NEW YORK: Wells Fargo & Co is not certain it has fully uncovered and fixed all problems related to a long-running sales scandal that has hurt the bank´s reputation and sideswiped its efforts to cut costs, Chief Executive Tim Sloan said on Friday.
The third-largest U.S. bank by assets set aside a $3.25 billion reserve to cover litigation related to fake accounts and other customer issues in its fourth-quarter earnings on Friday.
The San Francisco-based company has been working to get to the bottom of its problems for more than a year, after reaching a $190 million settlement with regulators in September 2016 for employees creating phony bank and credit card accounts in customers´ names without their permission.
Since then, it has discovered other problems in businesses ranging from mortgages to foreign exchange trading, while the number of possibly made-up accounts swelled to 3.5 million.

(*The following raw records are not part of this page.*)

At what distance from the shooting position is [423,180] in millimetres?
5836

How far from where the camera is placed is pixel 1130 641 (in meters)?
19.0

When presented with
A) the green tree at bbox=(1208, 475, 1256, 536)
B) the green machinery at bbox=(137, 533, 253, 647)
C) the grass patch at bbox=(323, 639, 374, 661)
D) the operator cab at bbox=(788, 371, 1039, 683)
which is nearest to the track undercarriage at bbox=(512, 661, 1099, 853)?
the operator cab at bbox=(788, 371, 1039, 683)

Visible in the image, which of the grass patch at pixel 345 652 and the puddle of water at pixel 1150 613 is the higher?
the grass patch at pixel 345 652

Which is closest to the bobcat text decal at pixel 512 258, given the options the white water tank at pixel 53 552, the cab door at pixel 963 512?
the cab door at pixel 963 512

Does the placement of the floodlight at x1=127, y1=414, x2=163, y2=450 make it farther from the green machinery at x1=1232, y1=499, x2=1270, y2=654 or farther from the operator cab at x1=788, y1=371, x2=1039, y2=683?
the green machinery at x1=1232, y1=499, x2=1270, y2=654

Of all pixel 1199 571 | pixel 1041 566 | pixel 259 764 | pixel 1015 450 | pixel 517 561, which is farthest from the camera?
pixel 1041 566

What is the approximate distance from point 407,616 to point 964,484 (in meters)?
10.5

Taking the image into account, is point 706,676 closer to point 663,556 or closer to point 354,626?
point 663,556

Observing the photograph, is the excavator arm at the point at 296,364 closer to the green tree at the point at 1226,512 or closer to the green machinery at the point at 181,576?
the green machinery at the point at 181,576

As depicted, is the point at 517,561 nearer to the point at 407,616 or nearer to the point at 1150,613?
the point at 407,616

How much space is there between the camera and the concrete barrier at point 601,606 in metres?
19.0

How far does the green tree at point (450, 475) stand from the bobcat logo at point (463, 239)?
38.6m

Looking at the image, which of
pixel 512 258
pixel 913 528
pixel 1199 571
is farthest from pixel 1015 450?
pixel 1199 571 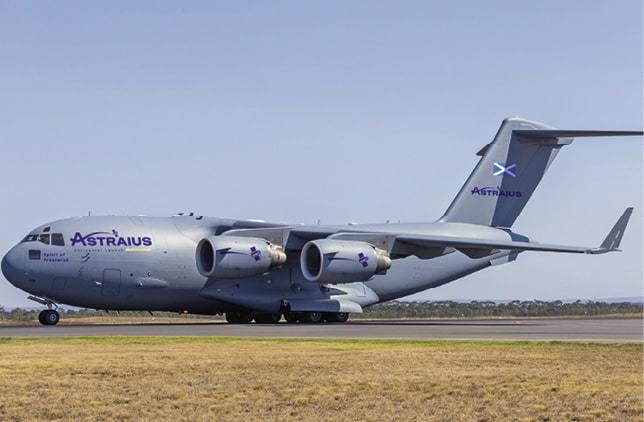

Wells Fargo has tried to rectify the situation by changing how employees get paid, improving corporate reporting structures and ousting several executives. Sloan´s predecessor, John Stumpf, abruptly retired after the scandal came to light. However, the bank is still scouring businesses for evidence of bad behavior, a process that will continue indefinitely, Sloan said on a conference call in response to an analyst who asked repeatedly why management could not give assurances that problems were resolved.